The Virtual Self alias is represented by two characters created by Robinson, Pathselector and Technic-Angel. (Note: In the Virtual Self EP, Pathselector represents tracks "Ghost Voices" and "A.i.ngel (Become God)", while Technic-Angel represents tracks "Particle Arts", "Key" and "Eon Break". According to Billboards Kat Bein, Pathselector is "white-dressed [and] gold-masked", while Technic-Angel is a "fair-skinned, dark-cloaked harbinger".) Robinson wrote "Ghost Voices" as a Pathselector song; Pathselector's songs were described by Robinson as neotrance, strictly having a trance style, being mid-tempo and having less hardcore influences than Technic-Angel songs. The track has a tempo of 120 BPM. Andrew Rafter wrote to DJ Mag that "Ghost Voices" "[combines] low-slung deep house basslines with trance-y top lines", while Kat Bein of Billboard said it is "a slick, sexy house tune bringing soulful, halftime garage vibes", that has "a shine like dark velvet with fat bass synths and echoes of trance." Philip Sherburne of Pitchfork said that, although the song contains "rushing snare rolls and classic 'Reese' bass", its "lithe vocal flips and slinky air" make it closer to "the post-Disclosure era", being, in turn, the most contemporary-sounding song on the Virtual Self EP. Conversely, Bein described it as the "dankest" song on the EP, and that its "classic house groove and futuristic [touches] beckon you to the dark side of the dance floor and the web."

== Release and reception ==
"Ghost Voices" was released as the second single from the Virtual Self EP on November 8, 2017, following "Eon Break". It was released along with what Kat Bein of Billboard described as a "cool-toned, purple visual" with strong GameCube-era influences.
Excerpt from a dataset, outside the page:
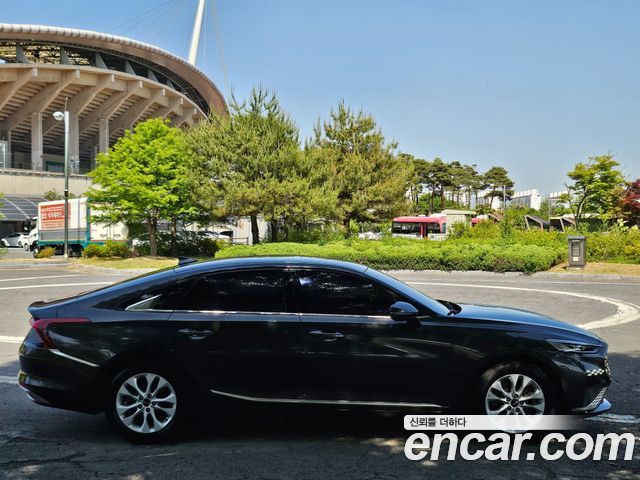 Kia K8 3.5 LPG 2WD Trendy(Rentcar) 2023 — фото 6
An official music video was released via Robinson's YouTube channel on February 28, 2018. The video presents Virtual Self's two main characters, Pathselector and Technic-Angel, wandering through an old warehouse filled with abandoned computers. A radio edit was released on March 12, and remixes by Raito were released on April 6. On July 22, Robinson released a remix of the song, "Angel Voices"; Bein classified it as happy hardcore.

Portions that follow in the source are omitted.